* **Exercise prompt**
Images in the data are to be skipped, while every line is restated exactly as written.

* **Dataset extract**
= Beginning of Section =

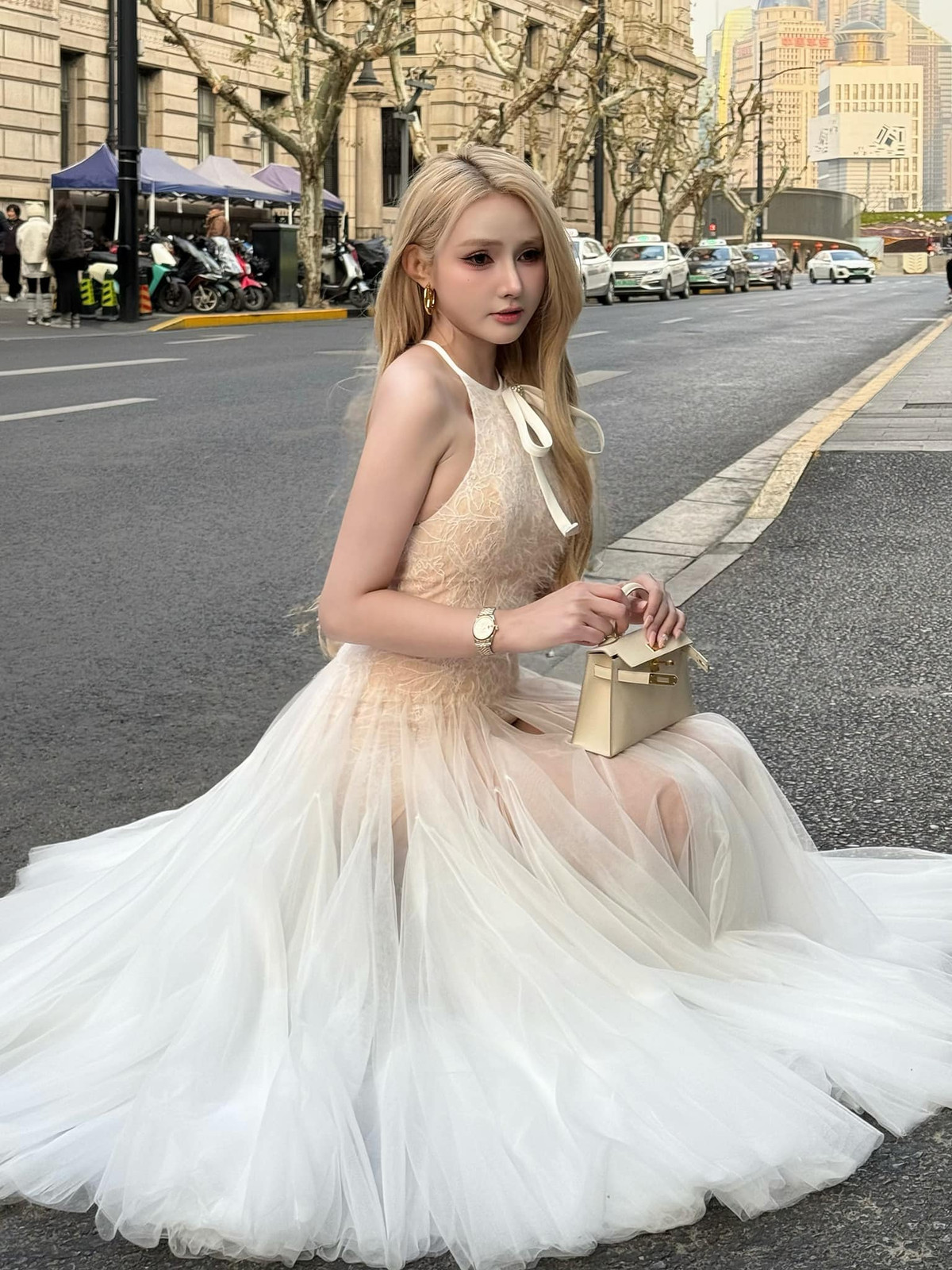 Khung cảnh đường phố mang phong cách phương Tây càng khiến nữ DJ như "xé truyện bước ra".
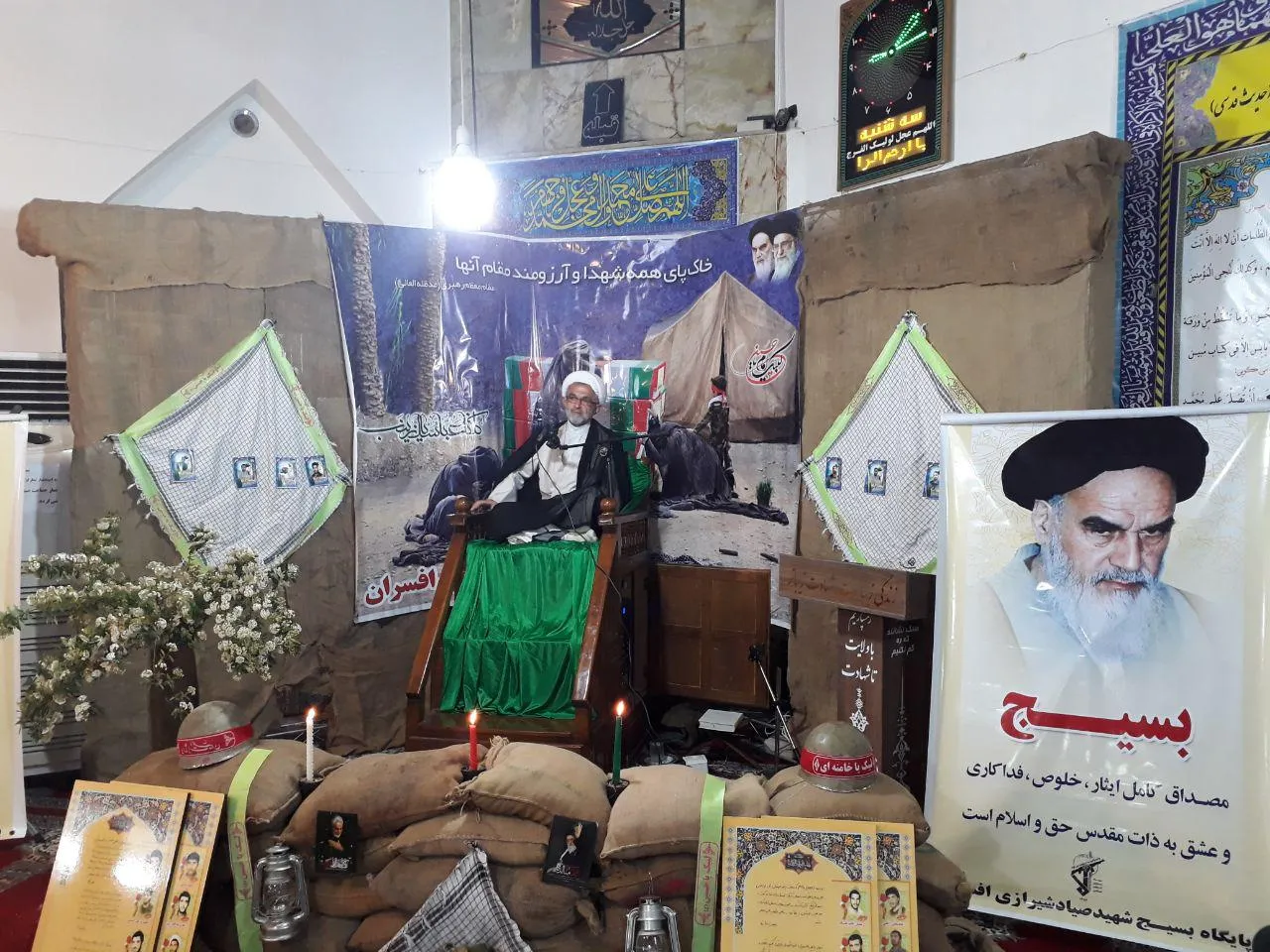 سفارش امام به ما خواندن وصیت شهدا برای درک حرف و پیام آنان بود
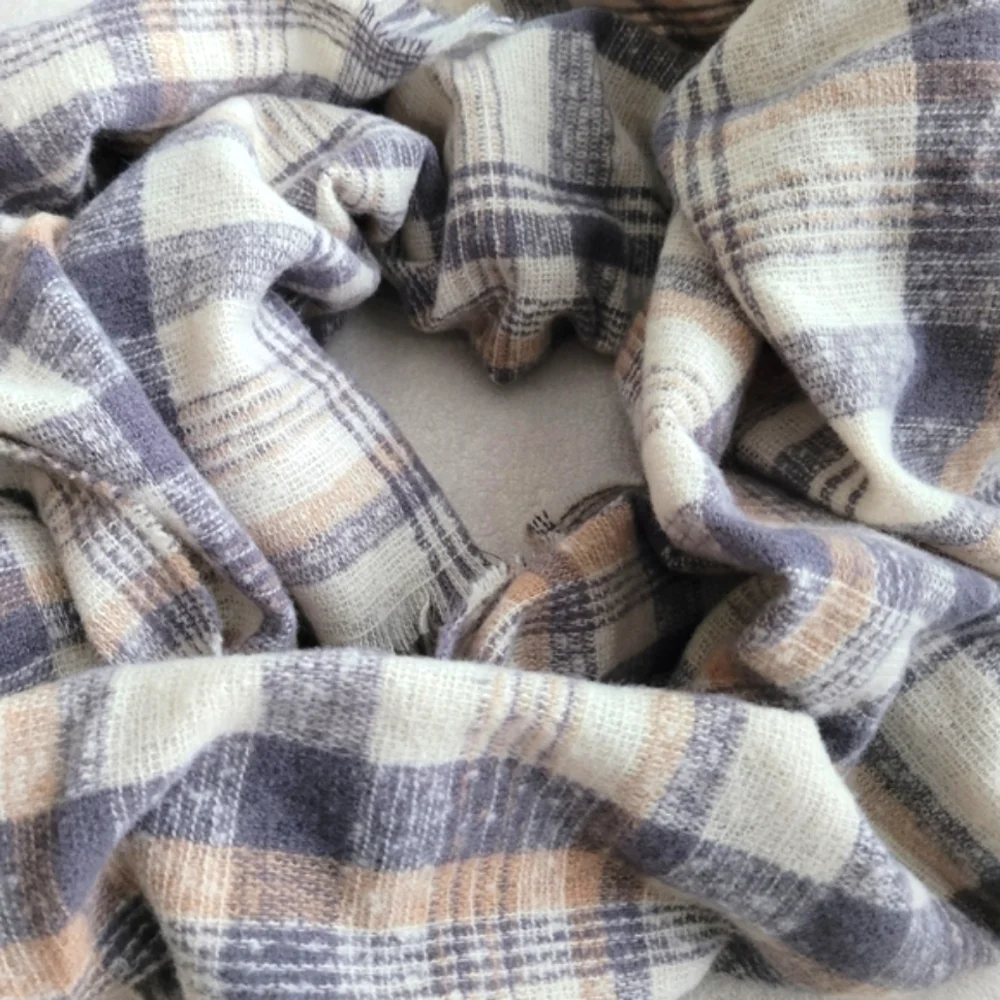 Soft & Cozy Plaid Blanket Scarf EUC Grey Tan Checkers Unisex Wrap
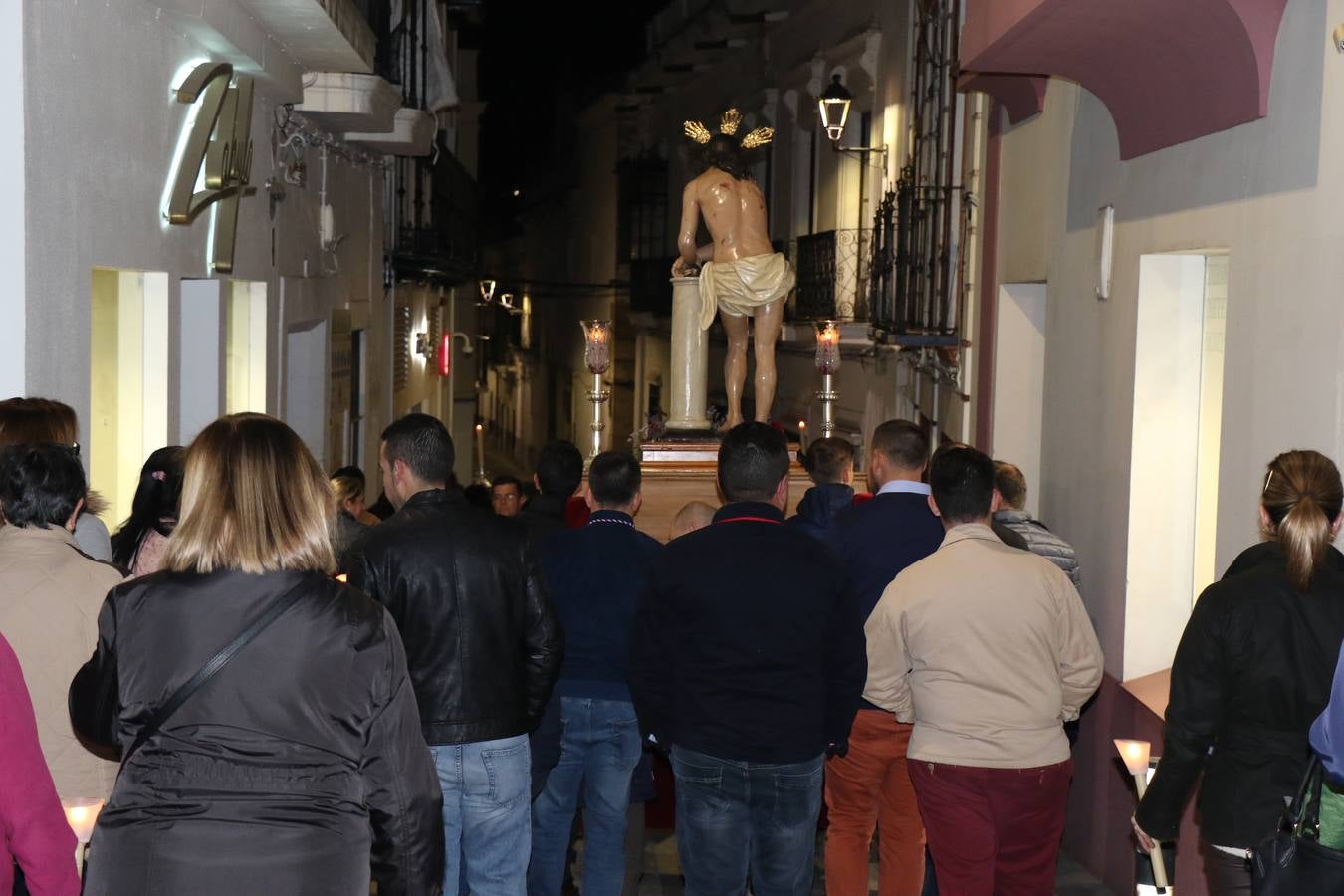 Numerosos fieles acompañaron el traslado desde la iglesia de San Miguel hasta la ermita de Los Mártires.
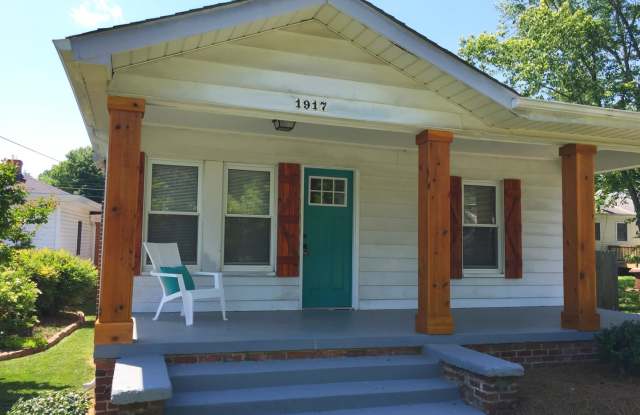 Charming 3 Bedroom near Golden Gate & State Street Social District Gallery 1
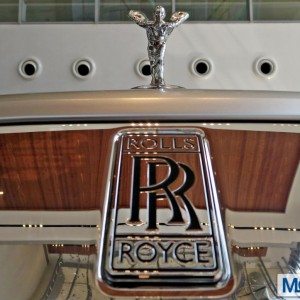 Rolls Royce Ghost Series II India Launch Spirit of Ecstasy RR Logo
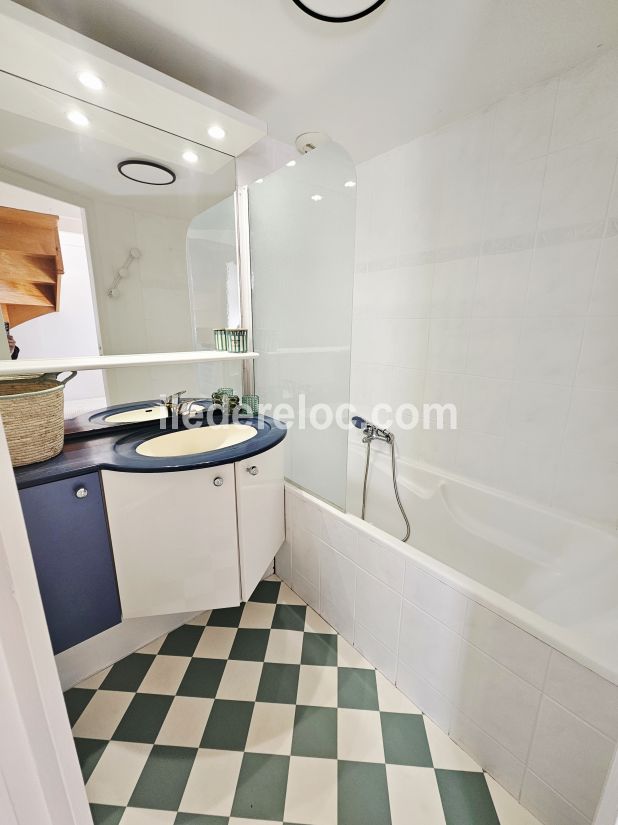 Photo 8: An accomodation located in La Couarde-sur-mer on ile de Ré.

= End of Section =

* **Output below**
 Khung cảnh đường phố mang phong cách phương Tây càng khiến nữ DJ như "xé truyện bước ra".
 سفارش امام به ما خواندن وصیت شهدا برای درک حرف و پیام آنان بود
 Soft & Cozy Plaid Blanket Scarf EUC Grey Tan Checkers Unisex Wrap
 Numerosos fieles acompañaron el traslado desde la iglesia de San Miguel hasta la ermita de Los Mártires.
 Charming 3 Bedroom near Golden Gate & State Street Social District Gallery 1
 Rolls Royce Ghost Series II India Launch Spirit of Ecstasy RR Logo
 Photo 8: An accomodation located in La Couarde-sur-mer on ile de Ré.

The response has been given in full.